No właśnie, popłuczyny. Jakkolwiek swoim debiutem Christian Loefller zachwycił całkiem sporo osób, nie mogę się oprzeć wrażeniu, że jego album, choć momentami uroczy, jest jedynie marnym cieniem tego, co na Black Noise zaprezentował Pantha du Prince. Ten drugi, nawiasem mówiąc, już za moment powróci za sprawą kolaboracji z The Bell Laboratory, skupionej na wykorzystaniu trzy-tonowego karylionu. Próbki brzmią bardzo obiecująco.

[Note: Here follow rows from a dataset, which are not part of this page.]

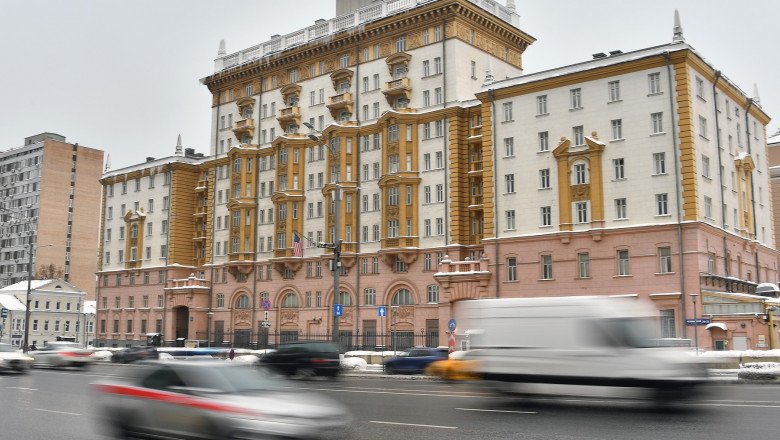  Ambasada SUA la Moscova cere cetăţenilor americani să părăsească imediat Rusia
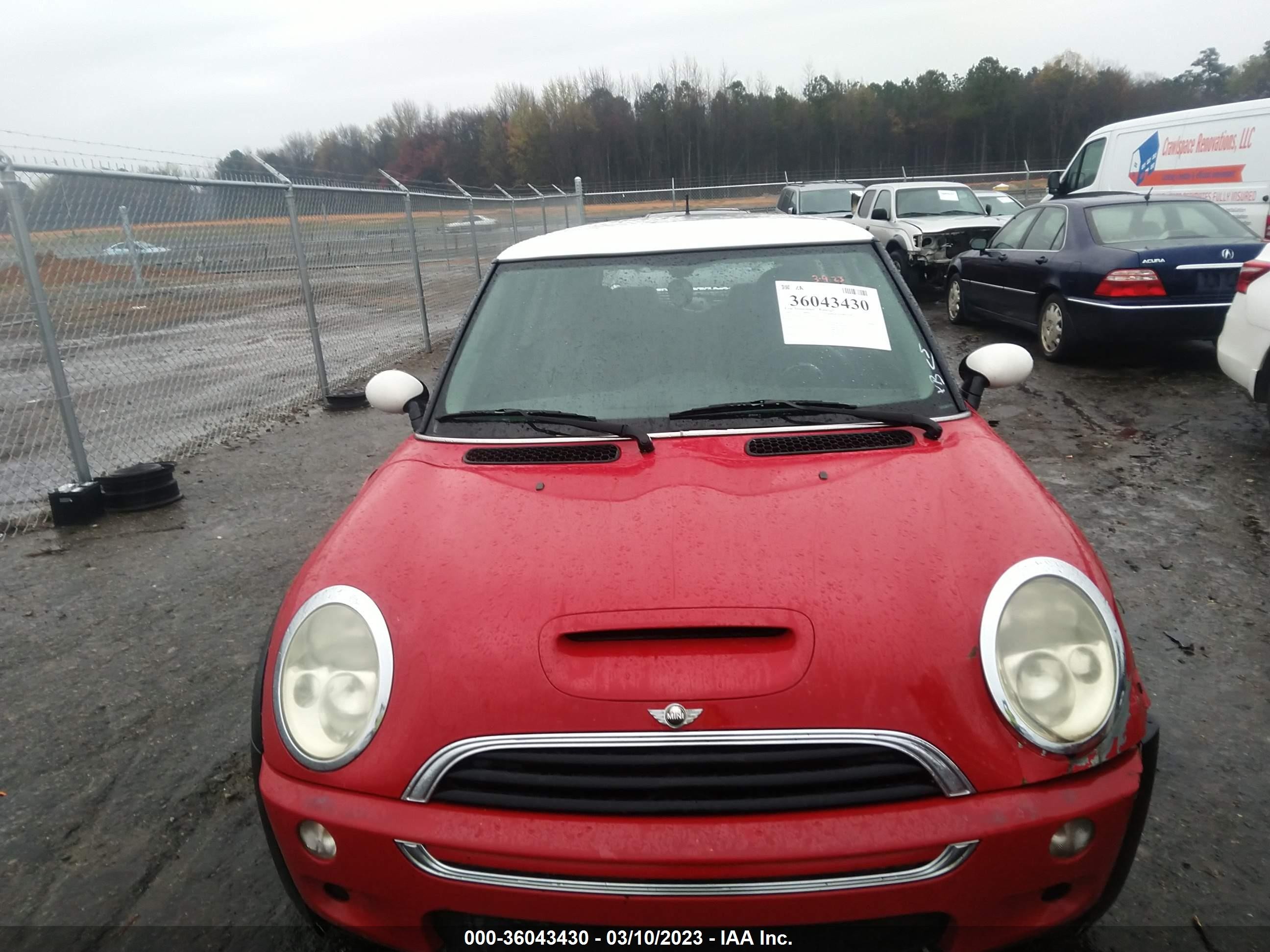 Photo 5 VIN: WMWRE33432TD51091 - MINI COOPER 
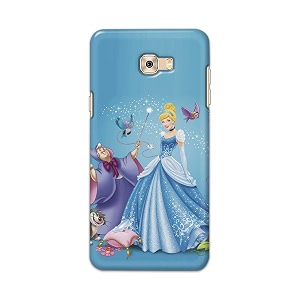 Famous Cartoon Lady Character Hard Back Case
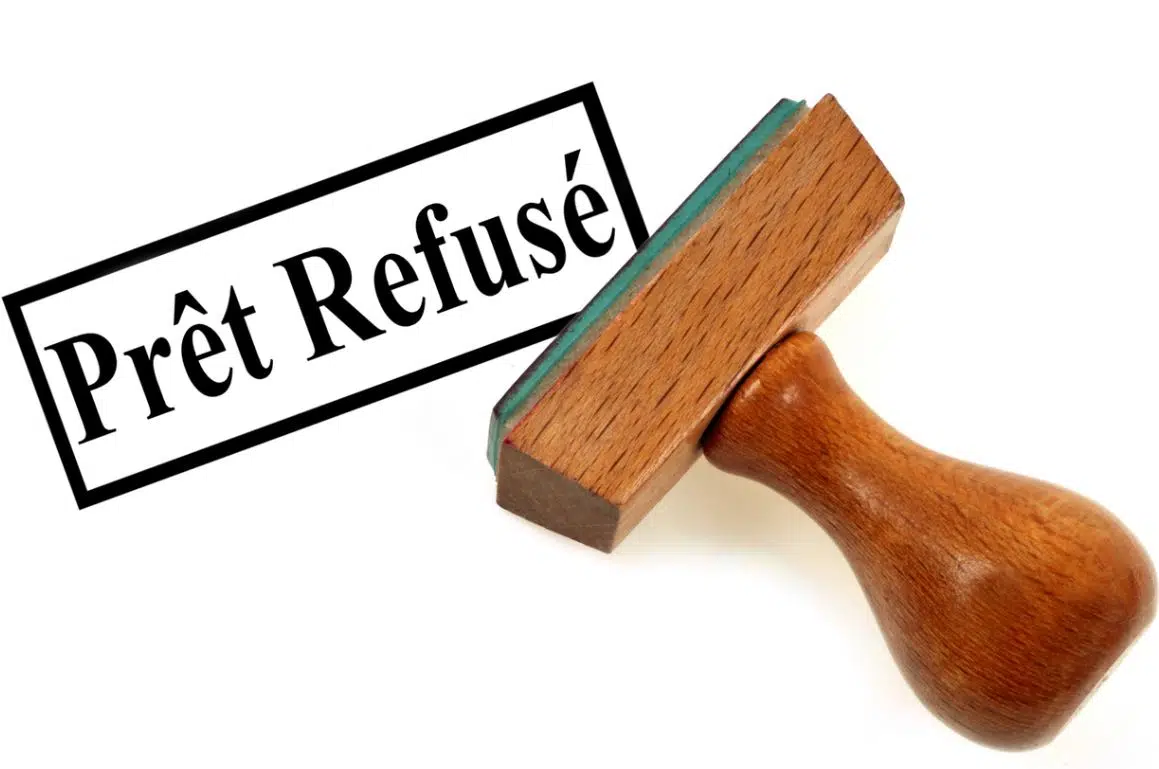 Pourquoi une banque refuse un prêt immobilier ?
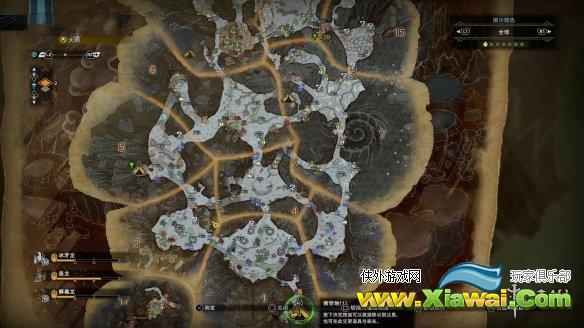 《怪物猎人世界冰原》永霜冻土营地位置一览 永霜冻土营地都在哪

Skoro od dwóch akapitów kręcimy się w okolicach techno, nie można nie wspomnieć o drugiej, po Silence, części trylogii rozwijanej przez Roberta Henke pod szyldem Monolake. Ghosts, jak zresztą od dłuższego czasu wszystko, co wychodzi spod ręki autora Hong Kong, brzmi bardzo czysto i przejrzyście, starannie omijając jednak sterylność, która skłaniała do zbycia Silence wzruszeniem ramion. Na antypodach tego brzmienia znalazło się, także koncepcyjne, Kuopio Vladislava Delay. Fin operuje dźwiękami brudnymi, przebasowionymi, stawiając na rytmiczne eksperymenty, chwilami skręcające w stronę Fella, choć jednak najczęściej trzymające się bezpiecznego, tanecznego 4/4. Odsłuch obu tych nagrań dostarcza mnóstwa przyjemności, choć jeśli miałbym wybrać lepsze, postawiłbym mimo wszystko na Ghosts
Uff, w ten sposób dobrnęliśmy do końca. Nie ma wątpliwości, że wiele wartych uwagi rzeczy pominąłem – właśnie w tym momencie przypomniałem sobie choćby o niezłej płycie Jana Jelinka, pominąłem też tak świetne nagrania jak Luxury Problems Andy'ego Stotta czy Classical Curves Jam City. Zdaję jednak sobie sprawę, że zaraz ten rekap zacznie niebezpiecznie puchnąć i już w ogóle nikt go nie przeczyta, więc lepiej nie będe ryzykował i zwinę się już. Do zobaczenia za rok w tym samym miejscu.